Karena pesawat stealth dirancang untuk meminimalisir pantulan radar aktif, mereka tetap tidak bisa menghindari gangguan pada sinyal lingkungan atau emisi elektronik dari sistem komunikasi internal pesawat itu sendiri.

Ancaman Sensor Inframerah (IRST) Selain radar pasif, teknologi Infra-Red Search and Track (IRST) menjadi ancaman nyata bagi F-35. Meskipun desain mesin F-35 telah berupaya meredam panas, mesin jet tetap menghasilkan jejak termal yang signifikan saat beroperasi di udara.

Sensor inframerah canggih mampu mendeteksi kontras suhu antara knalpot panas pesawat dengan udara dingin di sekitarnya.

Perang Informasi atau Fakta Militer?

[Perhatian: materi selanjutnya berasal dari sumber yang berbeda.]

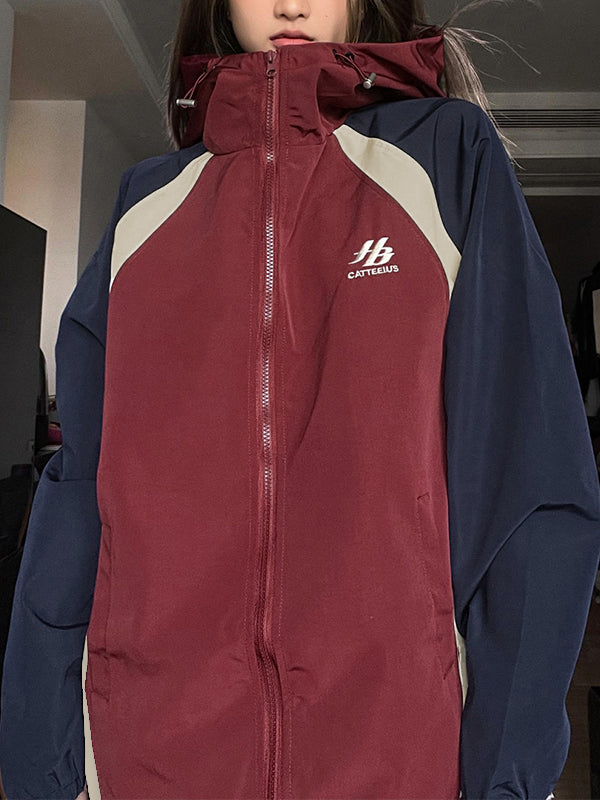 WW | Rote und Blaue Outdoor Block Splice Jacke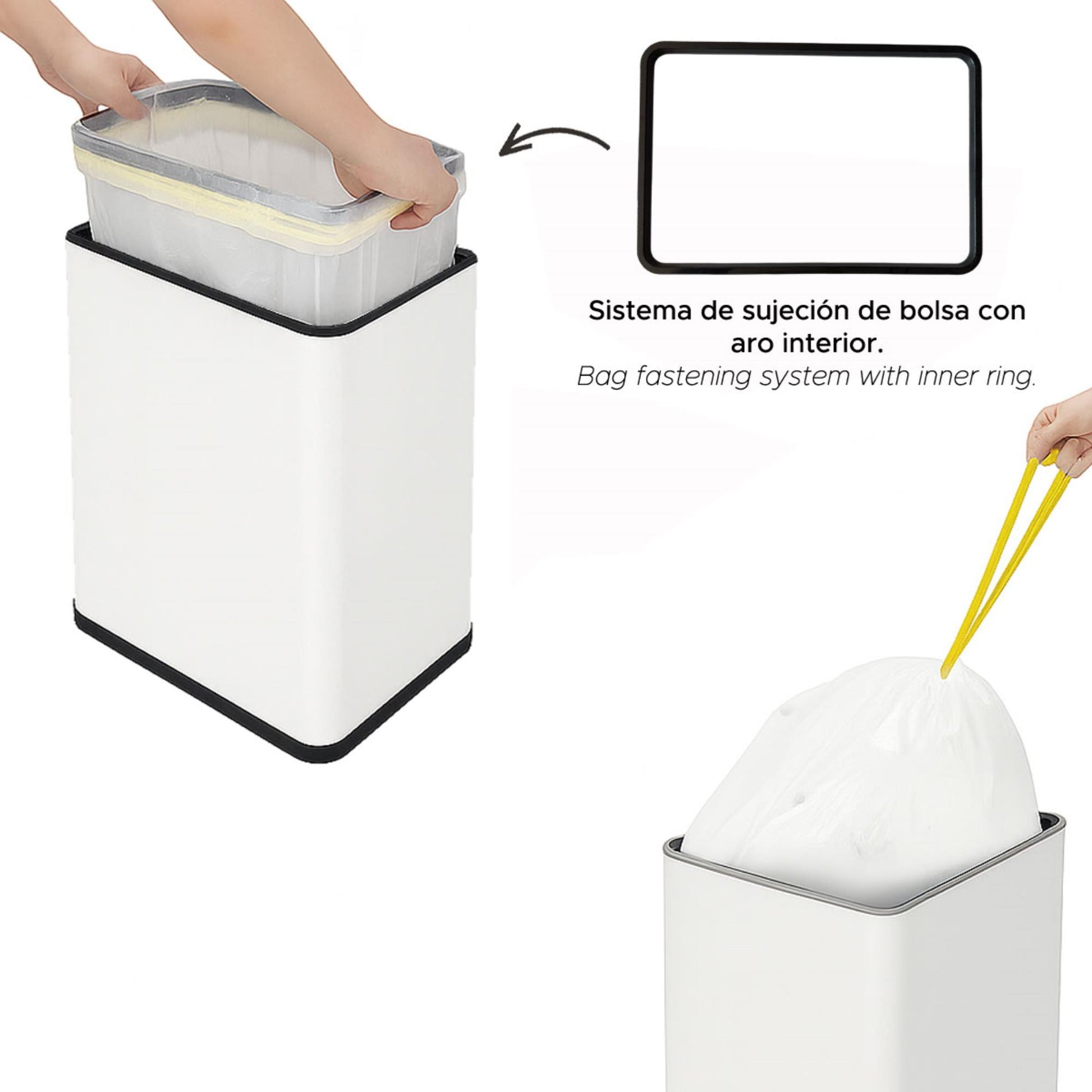 Cubo Basura 50l Blanco Acero Con Sensor Y Filtro Antiolor Wellhome_2
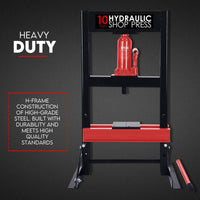 Shop Press - 10 Ton Hydraulic Standard Auto Accessories Kings Warehouse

Sebuah video yang viral di media sosial diklaim menunjukkan sistem pemantauan Iran berhasil mengunci posisi jet F-35. Namun, sejumlah pengamat militer memperingatkan agar tidak terburu-buru mengambil kesimpulan.

Dalam dunia intelijen, klaim semacam ini sering kali digunakan sebagai bagian dari strategi perang informasi (information warfare) untuk meruntuhkan moral lawan.

“Mendeteksi pesawat stealth di layar monitor adalah satu hal, namun mengunci sasaran untuk ditembak jatuh adalah hal yang jauh lebih sulit secara teknis,” ujar salah satu pakar militer.

Hingga saat ini, pihak Amerika Serikat belum memberikan konfirmasi resmi terkait klaim pelumpuhan jet kebanggaan mereka tersebut.